### Exercise
Return only these lines: the one that contains "this 450×319 image." and every line after it through the end of the listing, exactly, without pictures.

### Data shown
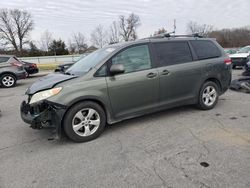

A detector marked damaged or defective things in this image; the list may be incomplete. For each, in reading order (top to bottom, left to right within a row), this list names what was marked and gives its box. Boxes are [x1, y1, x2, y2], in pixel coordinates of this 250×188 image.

crumpled hood [25, 72, 76, 94]
damaged minivan [20, 34, 231, 142]
front end damage [20, 98, 67, 140]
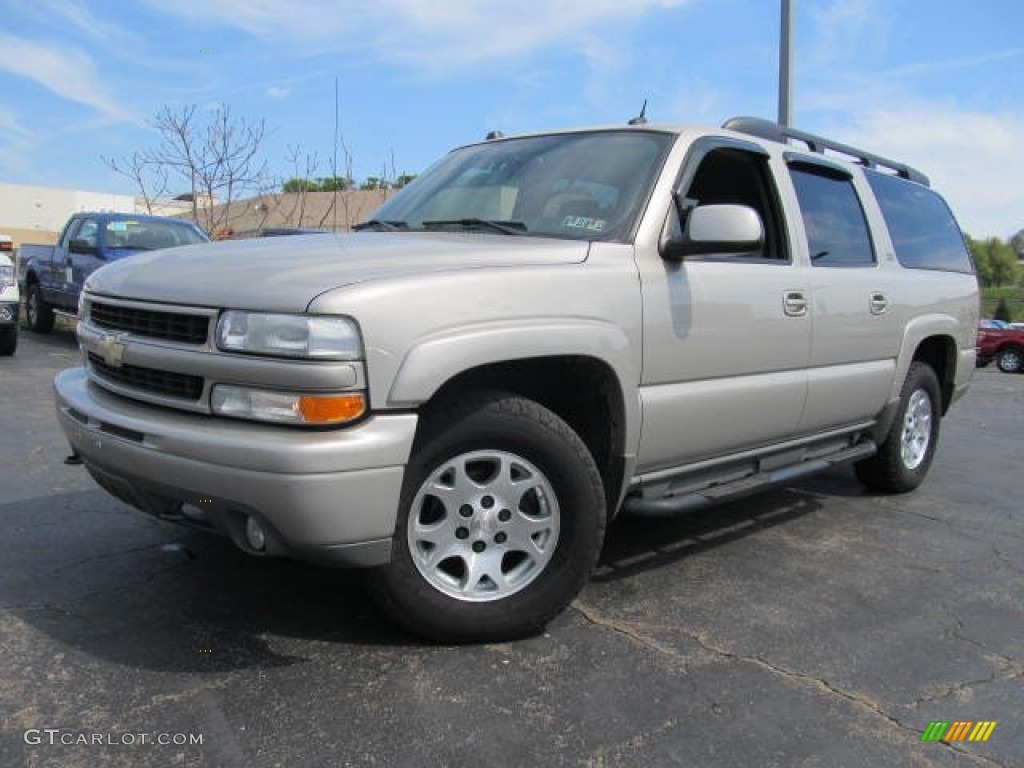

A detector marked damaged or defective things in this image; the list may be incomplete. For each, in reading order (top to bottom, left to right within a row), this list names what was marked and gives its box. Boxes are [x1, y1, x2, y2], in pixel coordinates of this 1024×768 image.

cracked pavement [0, 331, 1019, 768]
crack in asphalt [573, 602, 1011, 768]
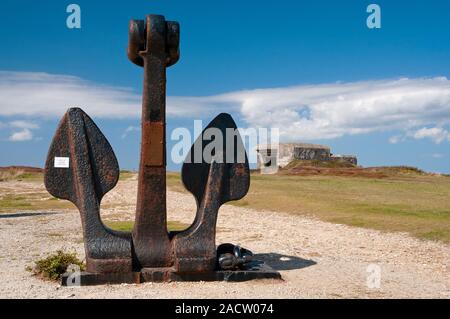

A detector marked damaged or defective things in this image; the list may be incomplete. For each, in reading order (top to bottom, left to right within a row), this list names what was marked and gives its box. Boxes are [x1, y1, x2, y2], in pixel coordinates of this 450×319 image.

rusted iron anchor [44, 13, 280, 286]
rust texture on metal [43, 13, 282, 286]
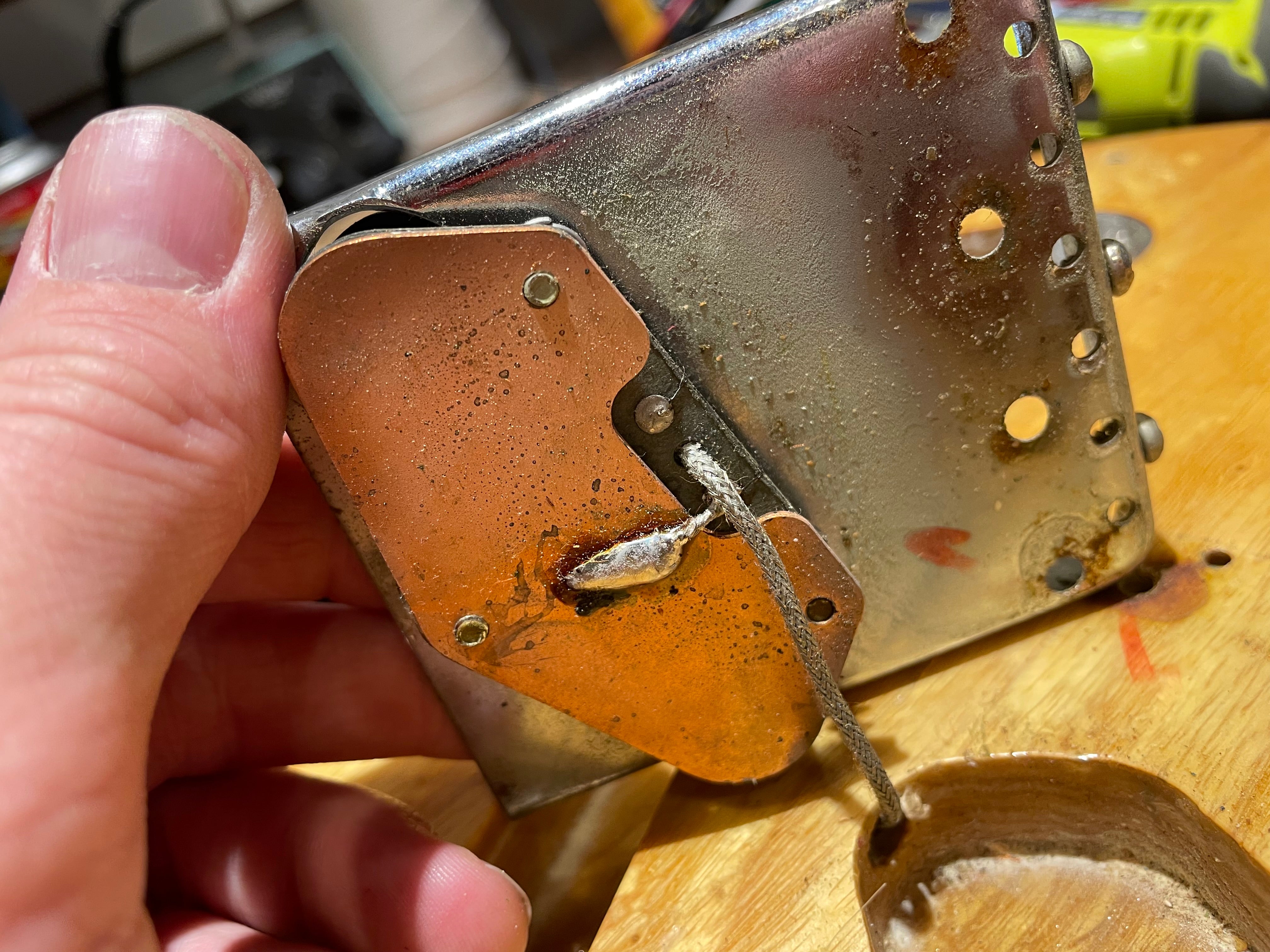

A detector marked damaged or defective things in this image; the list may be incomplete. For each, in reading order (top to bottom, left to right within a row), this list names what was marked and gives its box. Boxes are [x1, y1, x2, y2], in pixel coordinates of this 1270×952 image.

rust spot on metal [279, 227, 868, 787]
rust spot on metal [899, 525, 975, 571]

### Response area
A detector marked damaged or defective things in this image; the list may be incomplete. For each, in reading order (top to bottom, left to right within a row), this list names what was marked and gives its box. Boxes are [x1, y1, x2, y2], in pixel coordinates of this 450×319 image.

rusted iron anchor [44, 13, 280, 286]
rust texture on metal [43, 13, 282, 286]

A detector marked damaged or defective things in this image; the list may be incomplete. For each, in reading order (top to bottom, left to right within a row), this list names what was marked and gives its box. Boxes are [x1, y1, x2, y2], in pixel coordinates of this 1270×952 image.

rust spot on metal [279, 227, 868, 787]
rust spot on metal [899, 525, 975, 571]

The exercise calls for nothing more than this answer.